Google demonstrates a method with which large language models generate text significantly faster. In tests, the company was able to save almost 50 percent of compute time.
Large language models are used in various natural language processing tasks, such as translation or text generation. Models such as GPT-3, PaLM or LaMDA achieve impressive results and show that the performance of language models increases with their size.
However, such huge models are slow compared to smaller variants and require a lot of computation. Moreover, since they predict one word at a time and the prediction of one word must be completed before the model can predict the next, the generation of text cannot be parallelized.

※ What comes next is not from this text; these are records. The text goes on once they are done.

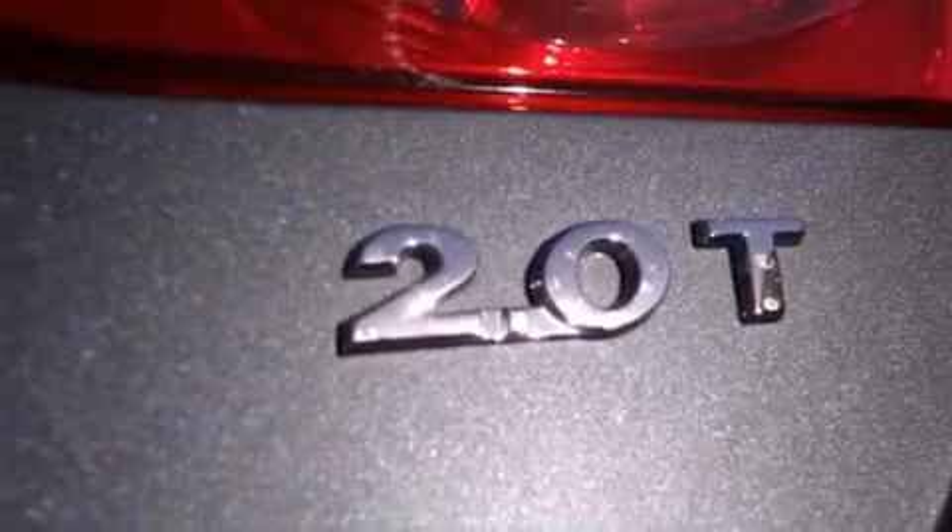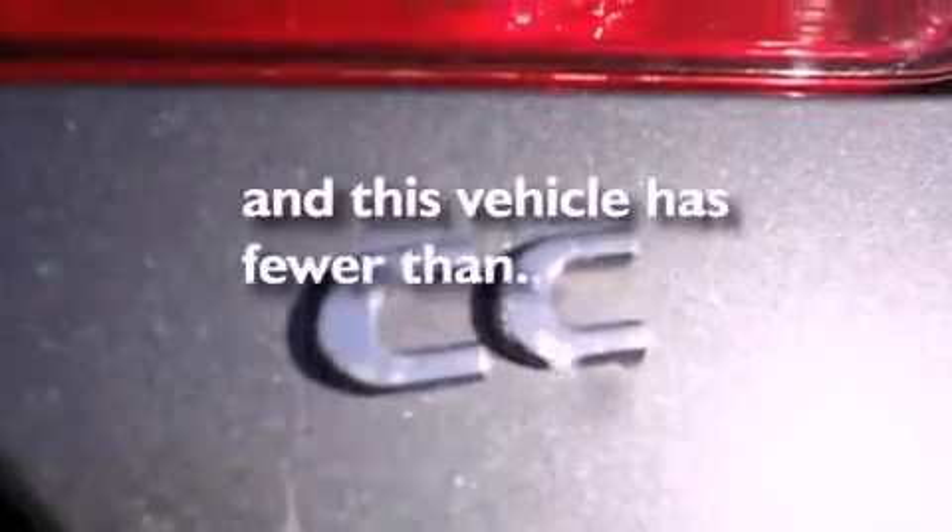Front airbags, park distance control, and this vehicle has fewer than 25,000 miles on the odometer.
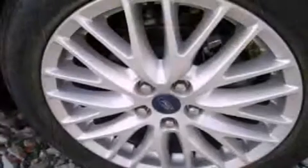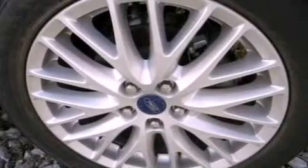With an EPA estimated rating of 37 miles per gallon on the highway, this vehicle does not compromise its fuel efficiency for size, comfort, or fun.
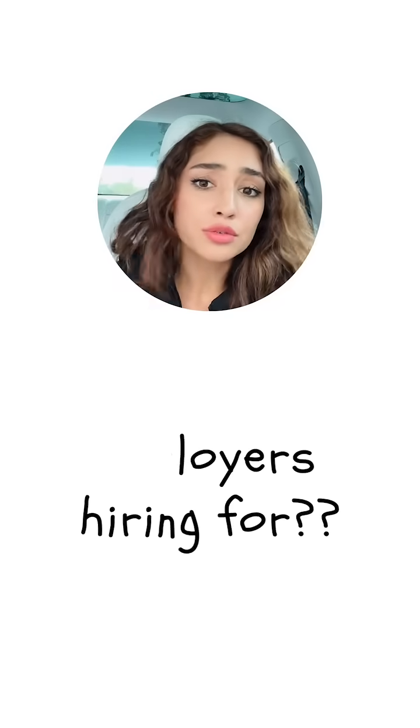There are a lot of technologies you could learn, and choosing where to start can seem overwhelming. But if your focus is to land a job in tech, then there's only one question you need to ask: what are employers hiring for?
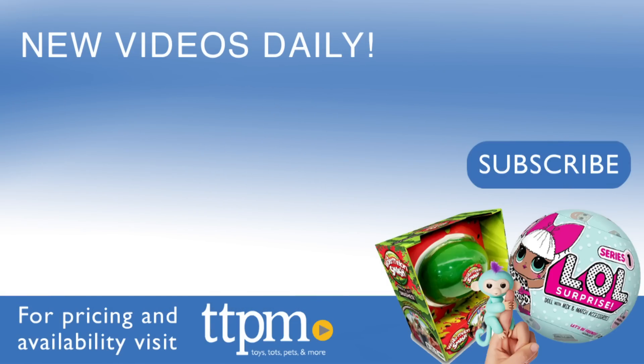For where to buy and current prices, visit TTPM and subscribe to our YouTube channels for more reviews every day.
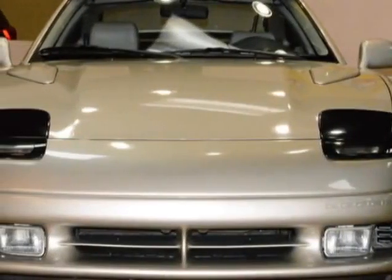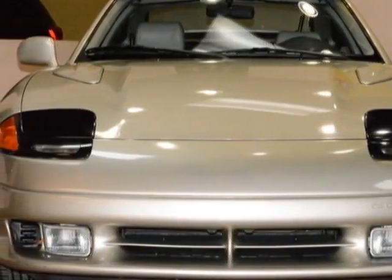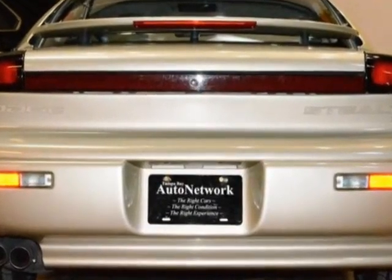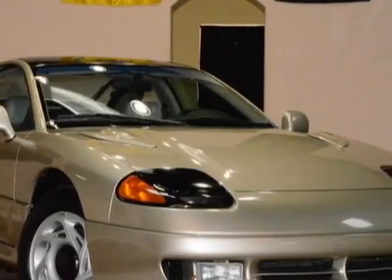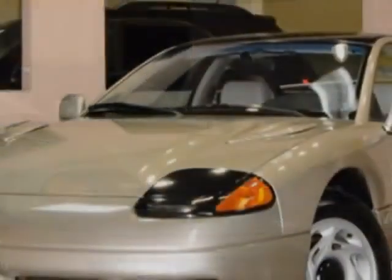Come take a look at this 1992 Dodge Stealth. This Stealth has just under 28,000 miles. This Stealth boasts a 3.0 liter engine and has a 4-speed automatic transmission.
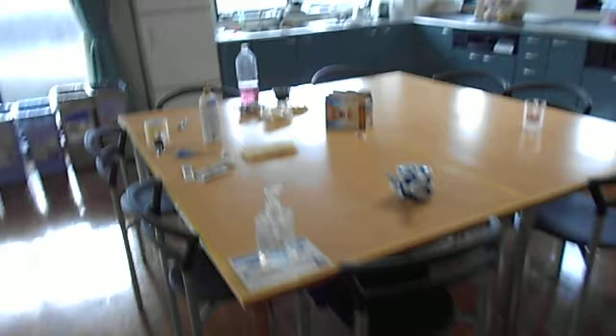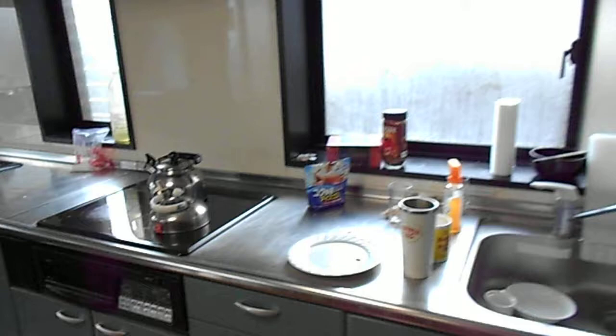Huge table with more chairs. Fridges, cupboards, stove — all induction. Weird controls though.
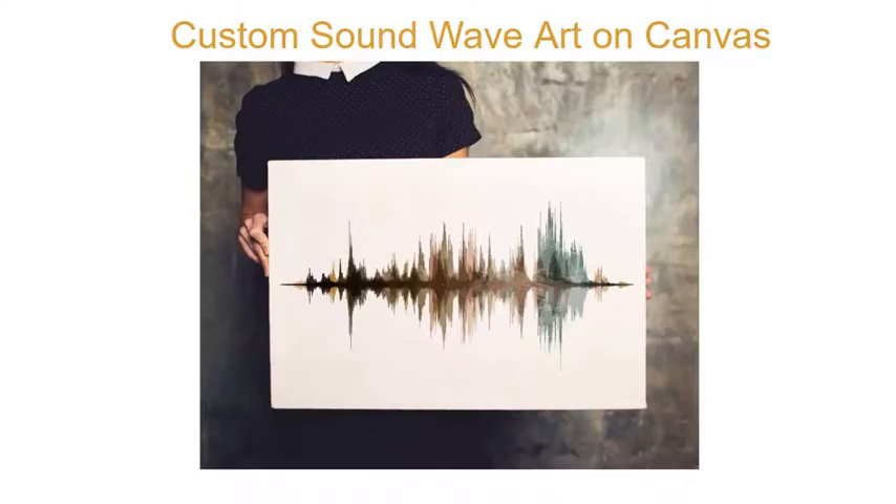Here's some ways right here. This is a custom sound wave — you can buy this on Etsy. You can say something like 'I love you' and they'll turn your voice into a sound wave and put it on a canvas. Then you can give it to your boyfriend or girlfriend, but you can't date in high school, so forget that idea.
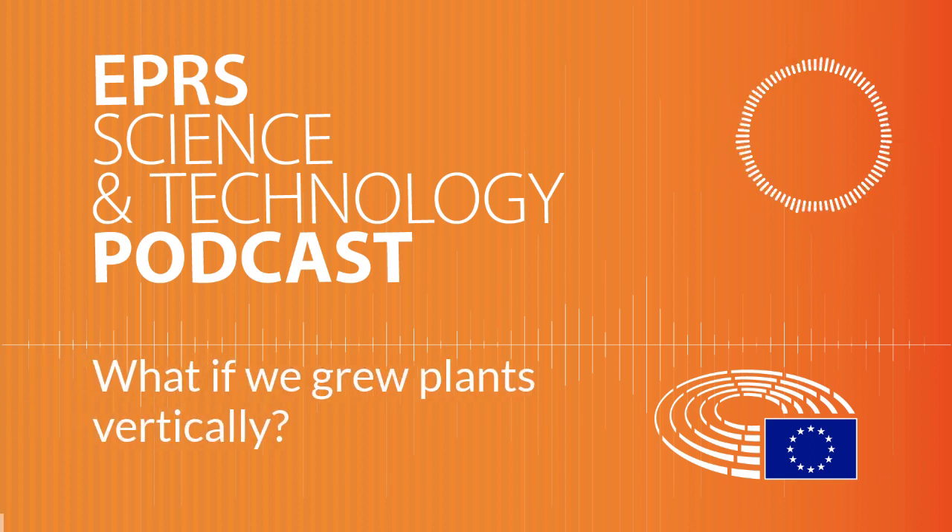Welcome to the European Parliamentary Research Service Podcasts. In this podcast, we'll talk about vertical farming and see how this practice could help increase food production, solve some of the current challenges facing modern agriculture and contribute to urban sustainability. So, let's get vertical.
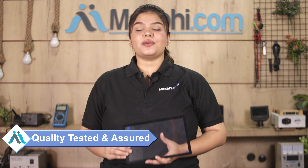Before dispatch, our quality team inspects this touch screen after quality assurance, and then this touch screen will be sent to you.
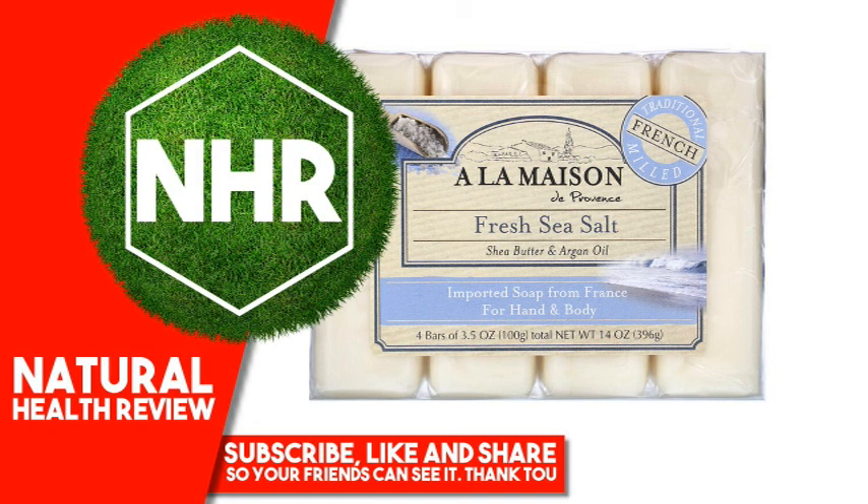Product Overview: Traditional French Milled Shea Butter and Argan Oil, SLS-free, imported soap from France for hand and body. 100% vegetable oils, long lasting and lathering, no SLS, parabens or phthalates, cruelty free, biodegradable, not tested on animals.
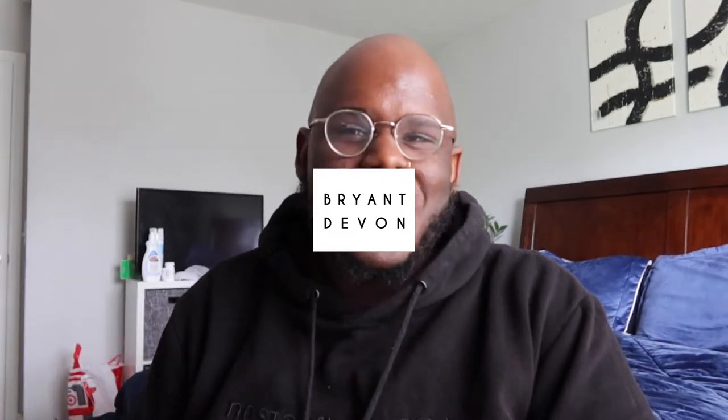Good morning, good people. This is Brian and I'm back with another video. My name is Brian — I make style and lifestyle content for bigger guys, but my content can be used for anyone. As you can see, I'm a bigger guy, so I make content specifically with bigger guys in mind.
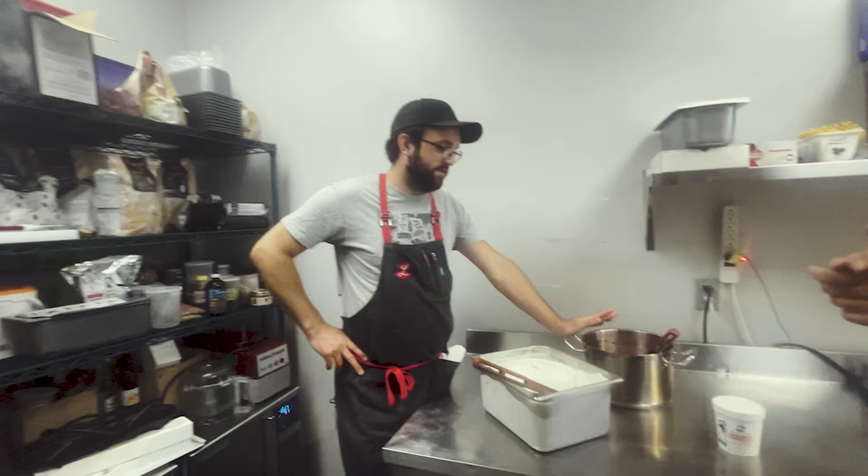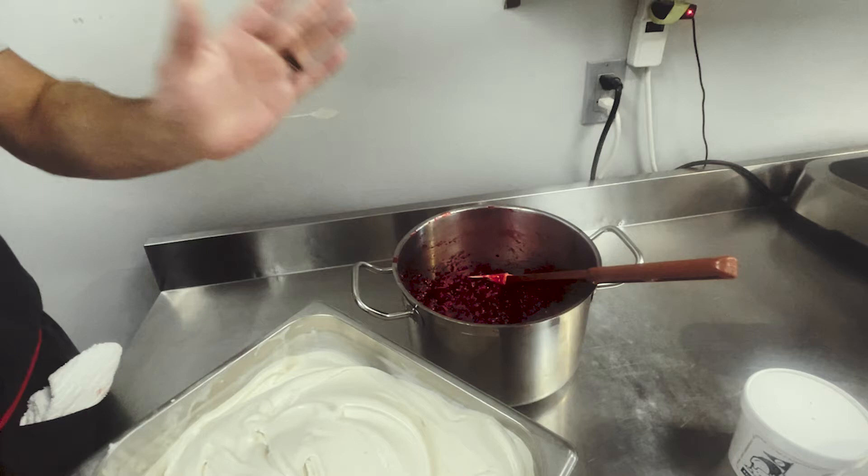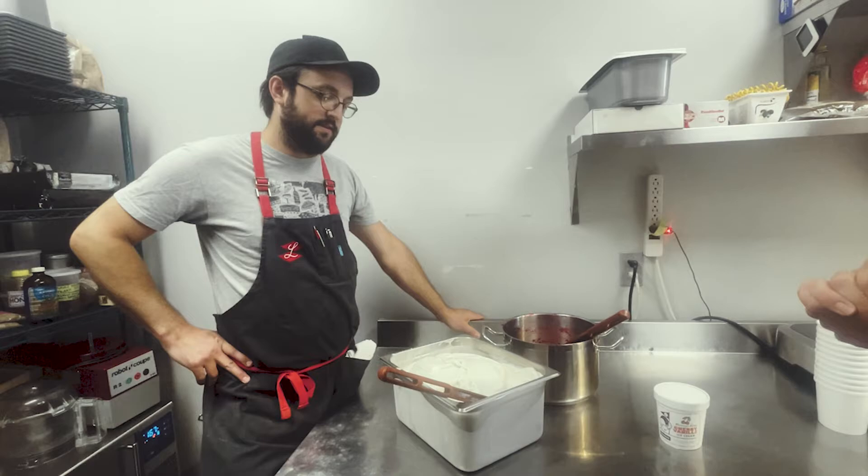We process the cherries into a lightly-shaped jam, and then we're gonna take the cherries and fold them into our vanilla bean cream base and grind it up.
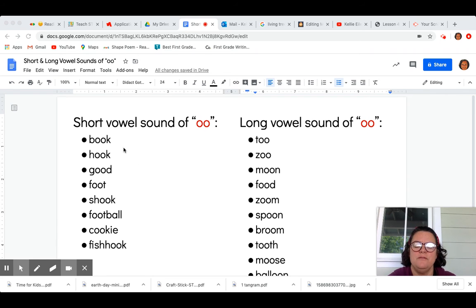I have provided you some words to practice this week. These words are: book, hook, good, foot, shook, the compound word football, and the challenge word cookie.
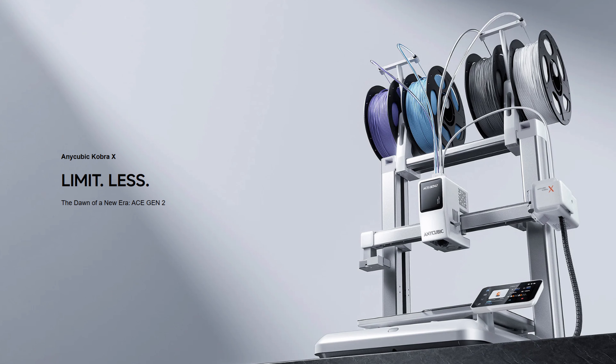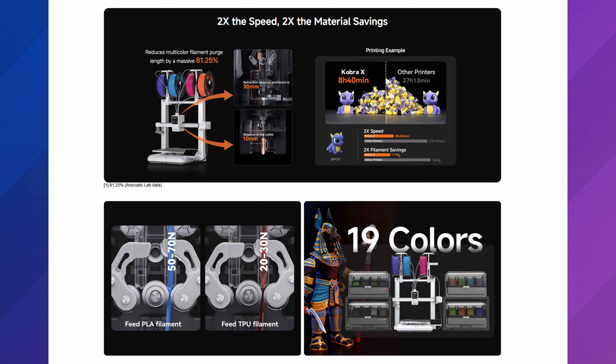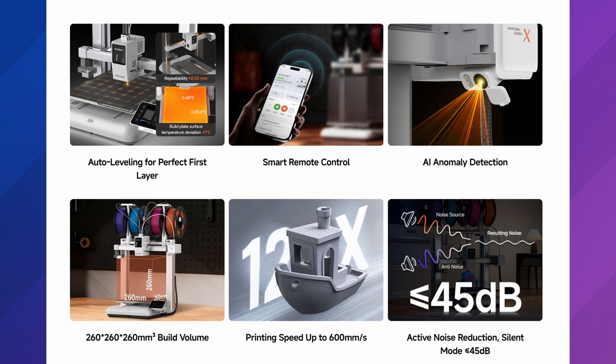Anycubic also showed off the Cobra X. We've confirmed it has a 260 cubed build plate, and there are a few other specs listed on their website as teasers. Towards the end of the month — around December 20th or later — we're going to get a price. There's actually a countdown on their website; today is the 11th and the countdown showed about 10 days. I've heard some price rumors but nothing confirmed from Anycubic. I'm still hoping I can get my hands on one, so maybe be on the lookout for a review of that as well. There are promo images posted on Anycubic's website you can check out.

Google's CALM grabs predictions from earlier layers
Google is now demonstrating Confident Adaptive Language Modeling (CALM), a method for speeding up text generation of large language models. The intuition behind the method is that predicting some words is easy, while others are hard. However, current language models use the same resources for each word in a sentence. CALM, on the other hand, dynamically distributes the computational resources used during text generation.
Language models rely on multiple transformer layers in which attention and feedforward modules modify internal representations of text. In the decoder, this process ultimately results in the prediction of the next word.
Instead of running this process through all layers, CALM measures the confidence of the model in its prediction early in the layers and uses those representations if the confidence is high enough. If the value is low, the prediction is moved to the later layers as usual.
CALM reduces compute time by almost 50 percent in tests
To test CALM, Google trains a T5 model and compares CALM's performance to a standard model. In doing so, the team shows that the method achieves high scores in various benchmarks for translation, summary, and question answering, and uses significantly fewer layers per word on average. In practice, CALM on TPUs saves up to 50 percent of computation time while maintaining quality.
CALM allows faster text generation with LMs, without reducing the quality of the output text. This is achieved by dynamically modifying the amount of compute per generation timestep, allowing the model to exit the computational sequence early when confident enough.
As models grow in size, efficient use of them is central, Google said. CALM is a key contributor to this goal and can be combined with well-known other efficiency approaches such as distillation or sparsity, according to Google.